Section 654, subdivision (a), provides in pertinent part: "An act or omission that is punishable in different ways by different provisions of law shall be punished under the provision that provides for the longest potential term of imprisonment, but in no case shall the act or omission be punished under more than one provision."
We reject respondent's contention that defendants have forfeited their section 654 claim by failing to object in the trial court. "'[T]he waiver doctrine does not apply to questions involving the applicability of section 654. Errors in the applicability of section 654 are corrected on appeal regardless of whether the point was raised by objection in the trial court or assigned as error on appeal.' (People v. Perez (1979) 23 Cal.3d 545, 549- 550, fn. 3.)" (People v. Hester (2000) 22 Cal.4th 290, 295, also citing People v. Scott (1994) 9 Cal.4th 331, 354, fn. 17.)
"The purpose of section 654 is to prevent multiple punishment for a single act or omission, even though that act or omission violates more than one statute and thus constitutes more than one crime. Although the distinct crimes may be charged in separate counts and may result in multiple verdicts of guilt, the trial court may impose sentence for only one offense—the one carrying the highest punishment. (3 Witkin & Epstein, Cal. Criminal Law (2d ed. 1989) Punishment for Crime, § 1382, p. 1625.)" (People v. Liu (1996) 46 Cal.App.4th 1119, 1134.) "'[I]f all of the offenses were merely incidental to, or were the means of accomplishing or facilitating one objective, defendant may be found to have harbored a single intent and therefore may be punished only once. [(People v. Harrison (1989) 48 Cal.3d 321, 335.)]" (People v. Palmore (2000) 79 Cal.App.4th 1290, 1297.)

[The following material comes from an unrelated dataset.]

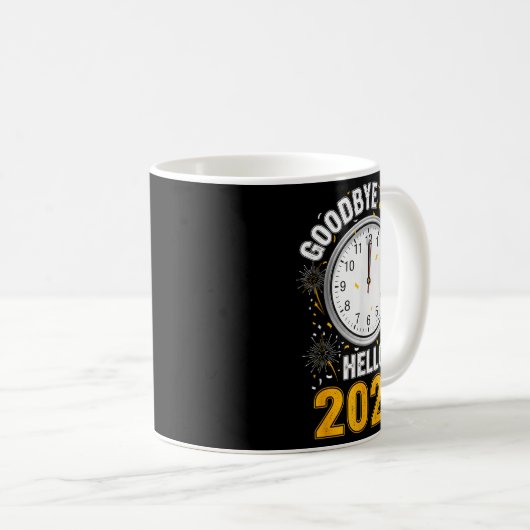 Goodbye 2025 Hello 2026 Tee With Clock New Year 20 コーヒーマグカップ (正面右)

It is well settled that a shooting is incidental to a robbery when the defendant's only intent or objective for the shooting is to facilitate the robbery. (See People v. Hensley (2014) 59 Cal.4th 788, 832.) An act of violence is not incidental to a robbery, however, when it exceeds that force necessary to commit the robbery. (People v. Cleveland (2001) 87 Cal.App.4th 263, 272.) An act of gratuitous violence against a helpless and unresisting victim is also not considered incidental for the purposes of section 654. (See, e.g., People v. Phong Bui (2011) 192 Cal.App.4th 1002, 1016.)
Wainer was not a helpless and unresisting victim. He armed himself and waited in the office where the cash was kept. When the door opened, Wainer pointed his gun at Albert's head. Wainer must be classified as a resisting victim, and his resistance occurred while the robbery was ongoing. Albert's shooting of Wainer must therefore be characterized as incidental to the robbery, and defendants cannot be punished for both the robbery and the attempted murder of Wainer.
Ramos did not personally resist the robbery. She was, however, shot to facilitate the robbery. The prosecution relied on a kill zone theory of liability to show Albert's intent in shooting Ramos. The prosecutor's theory, in essence, was that in the close confines of Wainer's office, with Ramos in the line of fire between Albert and Wainer, Albert attempted to kill everyone present in order to kill the resisting and armed Wainer. Thus, Albert's intent in shooting Ramos was to facilitate the robbery by eliminating Wainer. Under these circumstances, shooting Ramos was "necessary" to accomplish the robbery. Thus, her shooting must also be characterized as incidental to the robbery, and defendants cannot be punished for both the robbery and the attempted murder of Ramos.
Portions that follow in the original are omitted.